Methanesulfonic acid and sulfuric acid aerosol formed through oxidation of reduced sulfur compounds in a humid environment

Authors: VAN ROOY, PAUL - University Of California; DROVER, RYAN - Claremont Colleges; CRESS, TANNER - Claremont Colleges; MICHAEL, CARA - Claremont Colleges; PURVIS-ROBERTS, KATIE - Claremont Colleges; Silva, Philip - Phil; NEE, MATTHEW - Western Kentucky University; COCKER, DAVID - University Of California, Riverside

Submitted to: Atmospheric Environment
Publication Type: Peer Reviewed Journal
Publication Acceptance Date: 5/19/2021
Publication Date: 6/19/2021
Citation: Van Rooy, P., Drover, R., Cress, T., Michael, C., Purvis-Roberts, K., Silva, P.J., Nee, M., Cocker, D. 2021. Methanesulfonic acid and sulfuric acid aerosol formed through oxidation of reduced sulfur compounds in a humid environment. Atmospheric Environment. 261. Article 118504. https://doi.org/10.1016/j.atmosenv.2021.118504.
DOI: https://doi.org/10.1016/j.atmosenv.2021.118504

Interpretive Summary: Organic sulfur compounds are common emissions from waste management in agriculture. In the atmosphere they are important reactants but the products formed from their reaction and the pathways are not well understood. A series of laboratory studies were conducted to understand the reaction pathways of two of these compounds, dimethylsulfide and dimethyldisulfide. In previous work these compounds were studied under dry conditions to understand their basic oxidation chemistry while this study added in realistic conditions of humidity to ascertain the importance of water. In an environmental chamber, the two sulfur compounds were exposed to atmospheric oxidation conditions with reactants at concentrations typical of the atmosphere. Two main sulfur reaction products in the particulate phase were identified as sulfuric acid, which is a common particulate component and methanesulfonic acid, which is typically thought of as a component observed only over the oceans. Higher levels of water and the presence of nitrogen oxides increased the production of methanesulfonic acid relative to sulfuric acid. Nitrate radical oxidant when combined with humidity produced nearly complete conversion of the sulfur compounds to methanesulfonic acid. These observations suggest that methanesulfonic acid may be underestimated as a particulate component over the continent.

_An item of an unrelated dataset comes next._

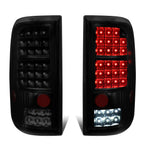 2X Full LED Tail Brake Light Reverse Lamps for Ford F150 Lobo (2004–2008)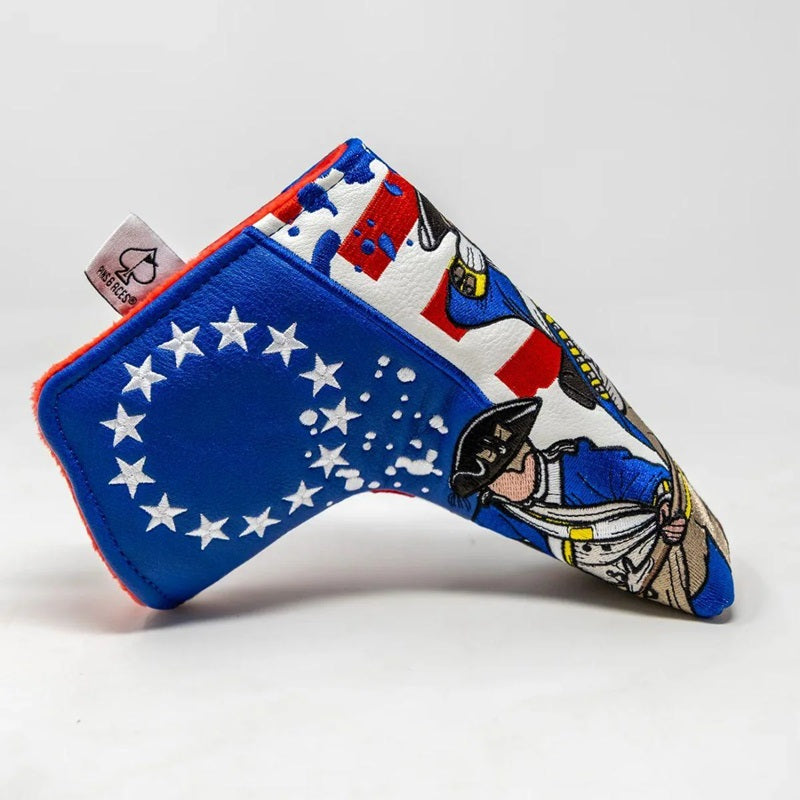 Pins and Aces Blade Putter Head Cover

Technical Abstract: Particulate sulfuric acid and methanesulfonic acid (MSA) are known to form through oxidation of reduced sulfur compounds, however, the mechanisms by which these compounds form are not well understood. Additionally, the aerosol yields and ratio of MSA to sulfuric acid particulate formation are not well documented, making it difficult to estimate the health and climate impacts of reduced sulfur compounds. To investigate these unknowns, dimethylsulfide (DMS) and dimethyldisulfide (DMDS) were oxidized, using a variety of oxidants, in a 37.5 cubic meter Teflon environmental chamber with relative humidity ranging from 2% to 55%. The mass fraction of particulate MSA was estimated based on unique aerosol fragments, at m/z 79 and 96, measured by a High Resolution Time-of-Flight Mass Spectrometer. MSA to sulfuric acid particulate ratios varied depending initial conditions. This study revealed that substantial water vapor is necessary to form MSA. The mass fraction of MSA increases in the presence of nitrogen oxides. Nitrate radical oxidation of DMS and DMDS resulted in nearly 100% of the aerosol estimated to be MSA, suggesting nighttime chemistry may play an important role in ambient MSA formation. This study builds upon results from similar experiments, presented in Van Rooy et al. (2021), that were conducted under extreme dry conditions.